After police interviewed Erickson, Russell Lundgren, a Deacon at St. Mary's, was told by the priest, "'I done it and they were going to catch me'. He was staring out the window. Throughout the whole conversation, we never made eye contact." According to other testimony by Lundgren at a 2 October post-suicide judicial inquiry hearing, Erickson was worried about prison, saying "Do you know what they do with young guys in prison, especially priests?" (Lundgren had told other church staff about this remark but "did not tell police until after the suicide".)

- Suicide
Because Erickson had revealed information to the detectives "about the crime scene that had not been made public", they interviewed him again the next month. During this December 7, interview they confronted him with "discrepancies in his remarks about the murders". Two days later, investigators "executed a search warrant on his living quarters, looking for evidence that would connect him to the murders." Investigators discovered a deeply hidden folder containing more than 40 images of prepubescent child sexual abuse material and gay male pornography on Erickson's computer, created on August 26, 2004, and last accessed December 12, 2004, shortly before Erickson’s suicide. On December 19 Erickson hanged himself in the hallway of St. Mary's. His body was discovered by the church janitor and Richard Reams, a parishioner.

- Hearing
A "John Doe" proceeding was held at the request of the family of Daniel O'Connell. On October 3, 2005, St. Croix District Attorney Eric Johnson presented the evidence to St. Croix County Judge Eric Lundell on the murders. Fifteen witnesses testified and other evidence was presented. As the defendant was deceased, the hearing took place without a jury. Judge Lundell stated “I find that and conclude that Ryan Erickson probably committed these crimes in question. On a scale of one to ten as far as strength of evidence I would consider this ten. It is a very strong case for circumstantial evidence”. Erickson's attorney and parents refused to attend the hearing and deny his guilt. D.A. Eric Johnson explained that even though "the evidence was not cross-examined and was not heard by a jury", the judge's ruling "can be construed as a finding of guilt."

===Aftermath===
In notes left to family and friends, Erickson denied that he had killed "anyone", but also wrote, "my ego, my pride, my lust, my envy have always stopped me from being the best person I could be. I am tired."

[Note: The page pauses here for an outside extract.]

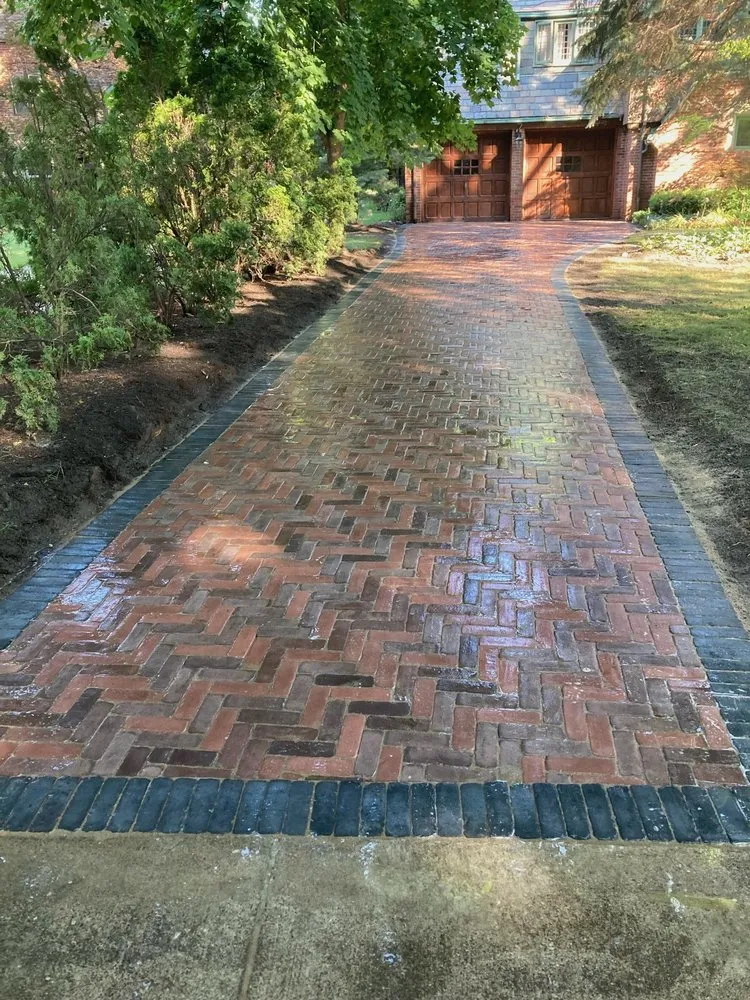 Affordable garden landscaping experts serving Birmingham, MI - Domenico Brick Paving & Landscaping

In reply to written questions about Erickson, former bishop Raphael Fliss stated, "The diocese [of Superior] did not learn of any improper sexual behavior by Erickson until Dec. 17, 2004, when Hudson police officers, during their investigation, informed the diocese of allegations that Erickson sexually molested a minor while a priest and had pornographic files on his computer." Leon Podles points out that although the diocese of Superior knew that Erickson had "admitted to incidents of sexual abuse" and had been accused of abuse before and while he was in the seminary, they had not included him on the list of accused priests "in its own audit" or the John Jay School of Criminal Justice list of sexual abusers "because the incidents and accusations did not occur when Erickson was a priest". He notes that O'Connell's family complained that no one from the diocese called O'Connell's widow to offer condolences or apologies. Reportedly, "the only member of the clergy to call on the widow in the three and a half years after the murder was Ryan Erickson, the murderer."